There are two subtypes of BDD: Muscle Dysmorphia and BDD by Proxy. Both of these subtypes appear to respond to the same basic treatment strategies as BDD (cognitive behavior therapy or CBT and medications). However, the CBT therapist in particular needs to adjust the treatment so that it has the right focus. Please see below for some of the differences between BDD and BDD subtypes.
Dr. Roberto Olivardia discusses Muscle Dysmorphia (MD), its symptoms, misconceptions, and treatment techniques. Dr. Olivardia also discusses the themes of MD such as low self esteem and trauma.
Muscle Dysmorphia (MD)
Muscle dysmorphia, or MD, is a subtype of body dysmorphic disorder (BDD). MD is associated with a number of thoughts and beliefs about one’s self and others, including:
- Beliefs that one’s body is not sufficiently muscular and large enough
- Over-valuing appearance
- Intrusive negative thoughts about one’s body that leads to distractibility and difficulty focusing attention
- Belief that others negatively evaluate their appearance
There are also a number of behavioral signs of muscle dysmorphia, including:
- Excessively working out/lifting weights (often many hours a day)
- Repeatedly counting calories
- Avoiding eating out at restaurants due to perceived lack of control over food content
- Balancing carbohydrates, fats, proteins, and vitamins to achieve a “perfect” formula
- Eating multiple meals throughout the day at rigidly adhered to schedules
- Excessively checking mirrors, or other reflective surfaces
- Avoidance of mirrors, or other reflective surfaces
- Avoidance of social situations where bodies may be on display (e.g., the beach, or pool)
- Camouflaging one’s bodies by wearing multiple layers of clothing to appear “larger”
- Use of anabolic steroids or other appearance and performance enhancing drugs
Sometimes also referred to as “bigorexia” or “reverse anorexia,” MD may have some overlap with eating disorders but is not an eating disorder exactly. While individuals with MD often follow very precise, time-consuming, and painstakingly picky diets, their eating habits are driven by a concern with improving the mass and leanness of their muscles, as opposed to issues relating to their weight or body fat percentage as seen in individuals with eating disorders. Also, not all individuals with MD have disordered eating.
How muscle dysmorphia is different healthy bodybuilding or fitness:
- Inaccurate body image and perception
- Self-esteem is almost entirely rested on muscle build, while other factors (intelligence, sense of humor, relationships, etc.) are discounted
- Use of dangerous substances, such as anabolic steroids, that are clearly contraindicated for a healthy lifestyle
People with MD will often deny there is a problem and refuse to consider mental health treatment. For those who do consider psychological treatment, it is important that individuals with MD work with therapist who specializes in BDD, OCD, or body image disorders. For more about MD and treatment please read this “Expert Opinion” article.

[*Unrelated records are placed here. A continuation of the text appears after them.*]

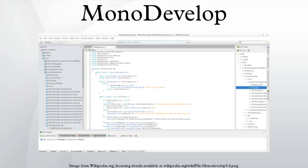Over time, the MonoDevelop project was absorbed into the rest of the Mono project and is actively maintained by Xamarin and the Mono community. Since Mono 1.0 Beta 2, MonoDevelop is bundled with Mono releases.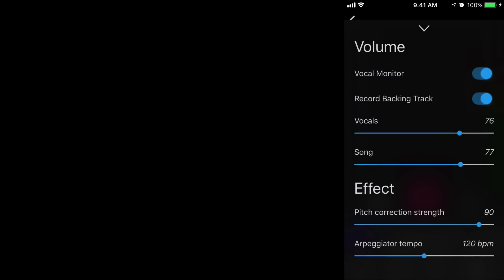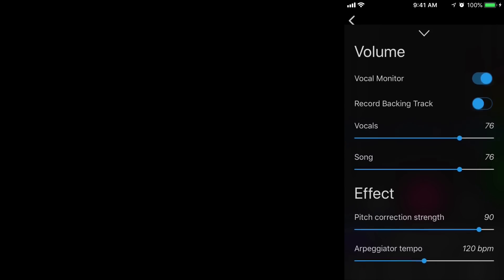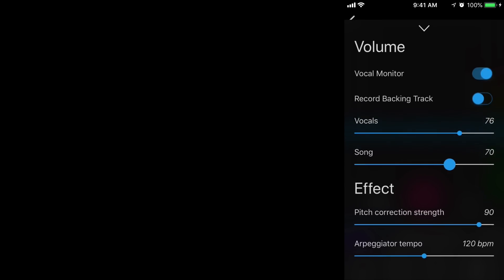I'm going to go to my mix window and I'm going to turn off record backing track. Also, if I determined that the backing track was a little too hot, I can turn that down too. And same with my vocals — we have a lot of control in here. We can also control the different effects as well, with pitch correction strength and arpeggiator tempo.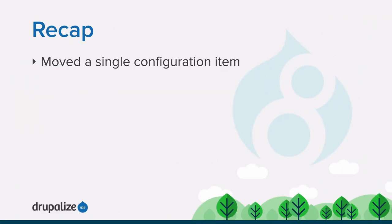In this tutorial, we learned how to move a single configuration item between sites in order to deploy new features.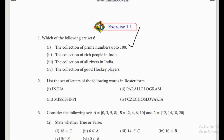Next one: 'the collection of rich people in India' — is it a set? Those who are rich today can be poor tomorrow and vice versa, so it is not well-defined. It is not a set. 'The collection of all rivers in India' — you know there are so many rivers in India, and that is well-defined, you cannot change it. 'The collection of good hockey players' — we cannot say who is a good player because performance changes, so it is not well-defined and not a set.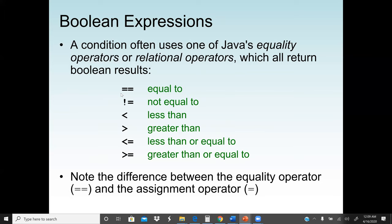There are six relational operators: equal-equal (==) for equality, not-equal (!=), less than, greater than, less than or equal, and greater than or equal. Note the difference: one equals sign (=) is assignment — assigning a value to a variable — while double equals (==) is the equality operator, used to check if a value equals a specific value.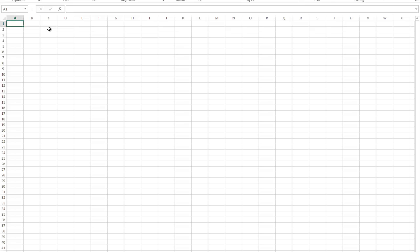So I'm going to start in column A in cell A1 and I'm just going to put in my data set, one value per cell. I'm just using the data set that I used when I did this on the overhead for you.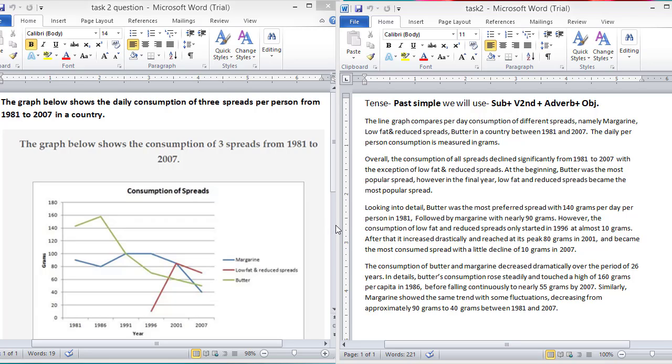So, that was our line graph and remember one thing, we always try to describe these maps, these reports like line graph, bar graph, table and pie chart in simple tense. So, try to use the simple tense.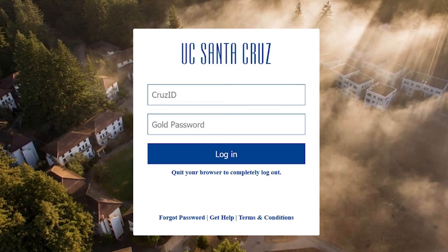When preparing your quarterly schedule, you can use MyScheduler to create multiple plans. We always recommend that you have at least two to three backup plans.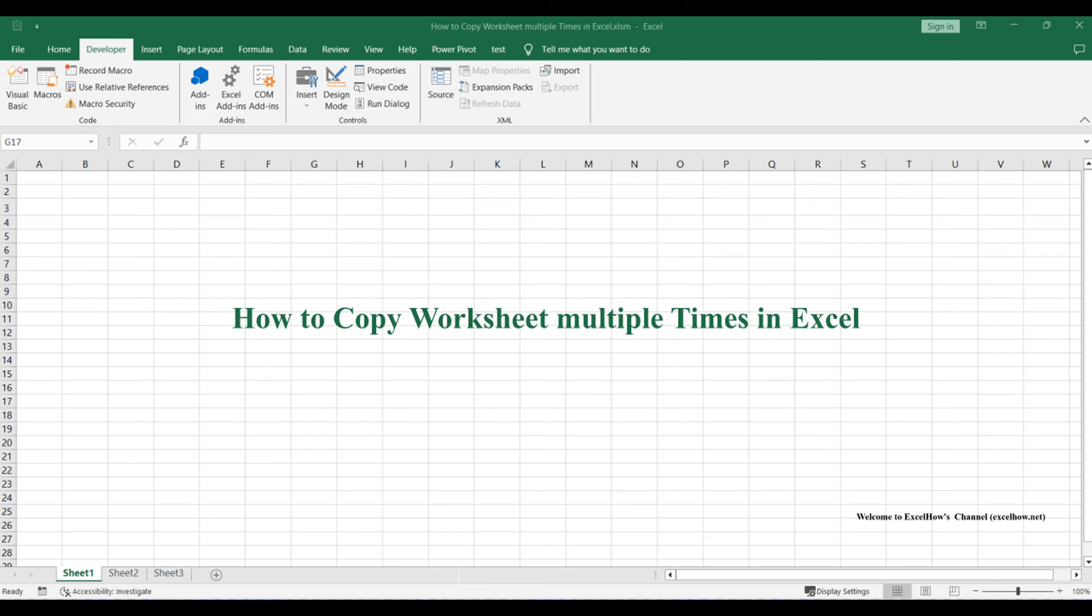Welcome to this Excel tutorial where we explore advanced techniques to streamline your worksheet operations. In this video, we'll dive into two powerful methods that will enhance your Excel proficiency.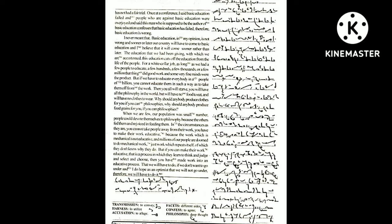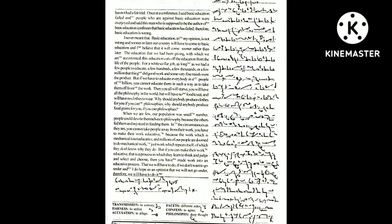Why should anybody produce clothes for you if you can philosophize? Why should anybody produce food grains for you if you can philosophize? When we were few, our population was a small number, people could devote themselves to philosophy because the others fed them and rejoiced in feeding them.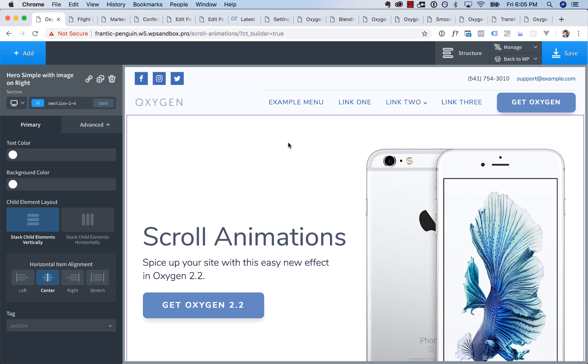Hey, this is Louis from Oxygen, and in this video, I'm proud to show you the new features in Oxygen 2.2. So we've added a ton of great stuff, including scroll animations,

Body Dysmorphic Disorder by Proxy
Body dysmorphic disorder by proxy (BDDBP) is a variation of BDD in which an individual is overly concerned with perceived imperfections with another person’s appearance.
- This preoccupation causes “clinically” significant distress and often interferes with day-to-day functioning.
- Most people with BDDBP spend more than an hour per day thinking about the perceived defect(s) of their person of concern (POC) and many spent several (e.g., 3-8) hours per day preoccupied by negative beliefs about the POC’s appearance.
- The primary POC is most often a significant other (e.g., spouse/partner), but may be a parent, child, sibling, or stranger.
- The POC may also shift over time (e.g. from one significant other to the next in a new relationship, or from a child to a parent).
- Preoccupation can be focused on any body area, but most often involves skin and hair.
- Most people with BDDBP perform repetitive behaviors (compulsions) to reduce their anxiety (or guilt about their preoccupation) or they will try to improve the POC’s appearance. These include attempts to check, improve, or hide the perceived defect, such as comparing the POC’s appearance to the appearance of others and providing reassurance to the POC about his/her appearance.
- Avoidance is common, especially of social situations or situations that might expose the POC’s flaw.
- People with BDDBP often believe that other people take special notice of the POC because of the defect they perceive. For example, they may think others stare at the POC or laugh about the POC’s appearance.
- Individuals with BDDBP often feel guilt or shame about their preoccupation with the POC’s appearance, and worry that their concerns will hurt the POC and/or damage the relationship.